#### Description of the task:
Going line by line through the records below, write out everything starting with the line containing "We just got" and going on through the line containing "You can use", exactly and inclusively. Pictures do not go in.

#### Provided data:
◆ ◆ ◆
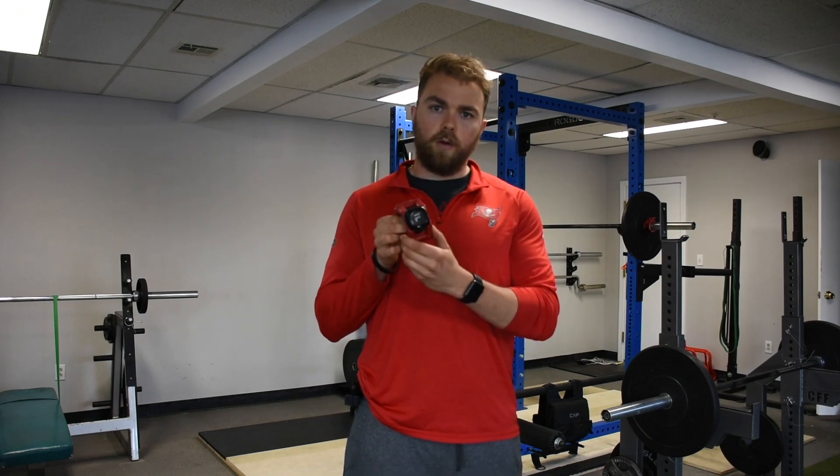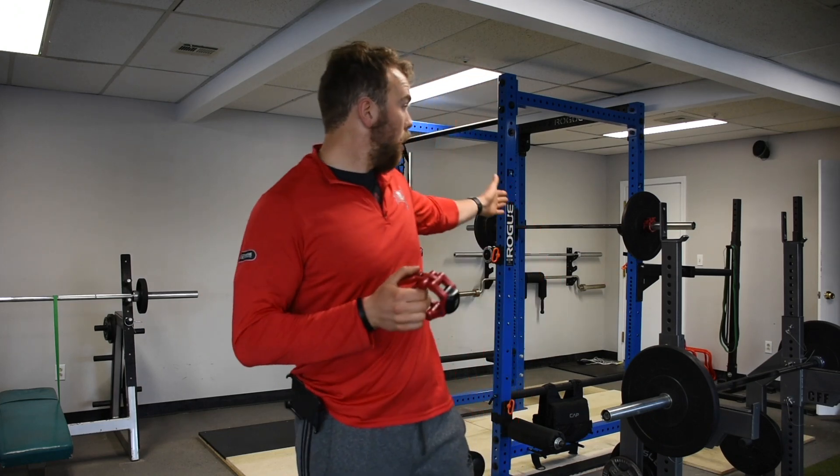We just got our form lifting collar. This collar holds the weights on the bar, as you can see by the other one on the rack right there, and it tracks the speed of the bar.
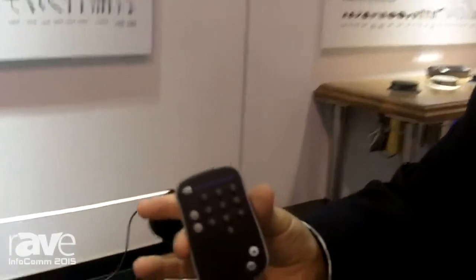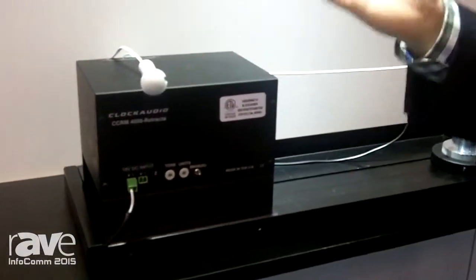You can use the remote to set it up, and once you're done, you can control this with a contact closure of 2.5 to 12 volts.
◆ ◆ ◆
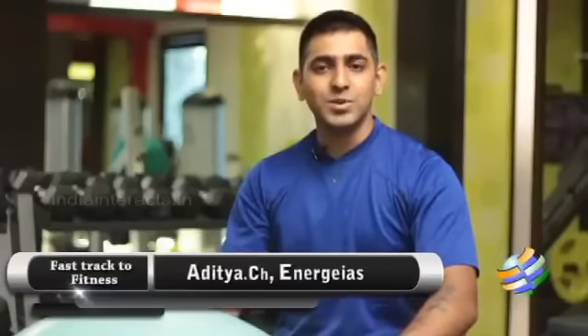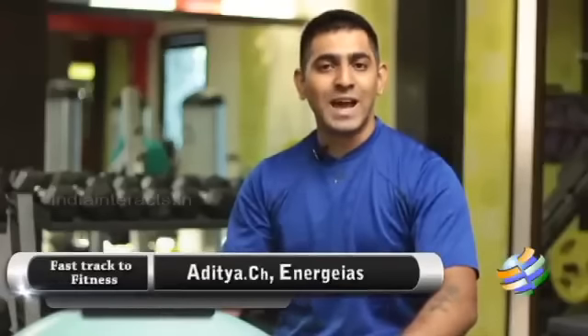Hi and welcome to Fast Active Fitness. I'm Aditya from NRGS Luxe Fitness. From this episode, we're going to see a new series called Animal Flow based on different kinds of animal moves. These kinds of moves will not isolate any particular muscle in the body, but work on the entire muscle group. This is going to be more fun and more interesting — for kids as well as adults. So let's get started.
◆ ◆ ◆
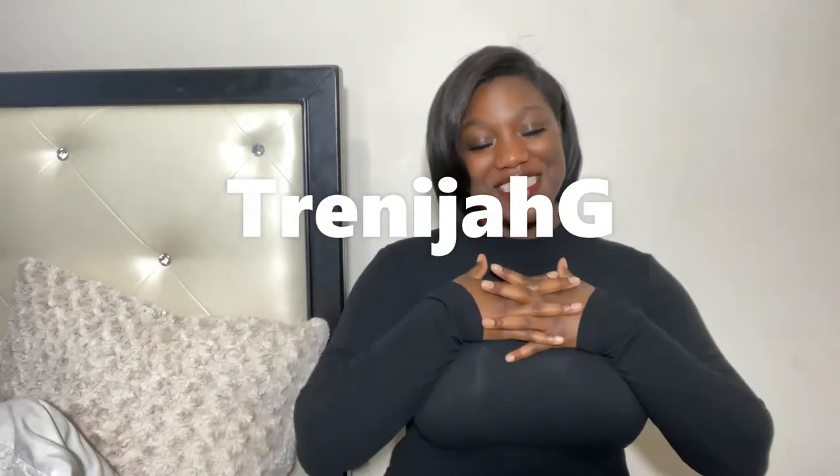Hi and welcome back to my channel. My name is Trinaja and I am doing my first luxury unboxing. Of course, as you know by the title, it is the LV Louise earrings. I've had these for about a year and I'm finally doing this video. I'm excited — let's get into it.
◆ ◆ ◆
#### Exercise output:
We just got our form lifting collar. This collar holds the weights on the bar, as you can see by the other one on the rack right there, and it tracks the speed of the bar.
You can use the remote to set it up, and once you're done, you can control this with a contact closure of 2.5 to 12 volts.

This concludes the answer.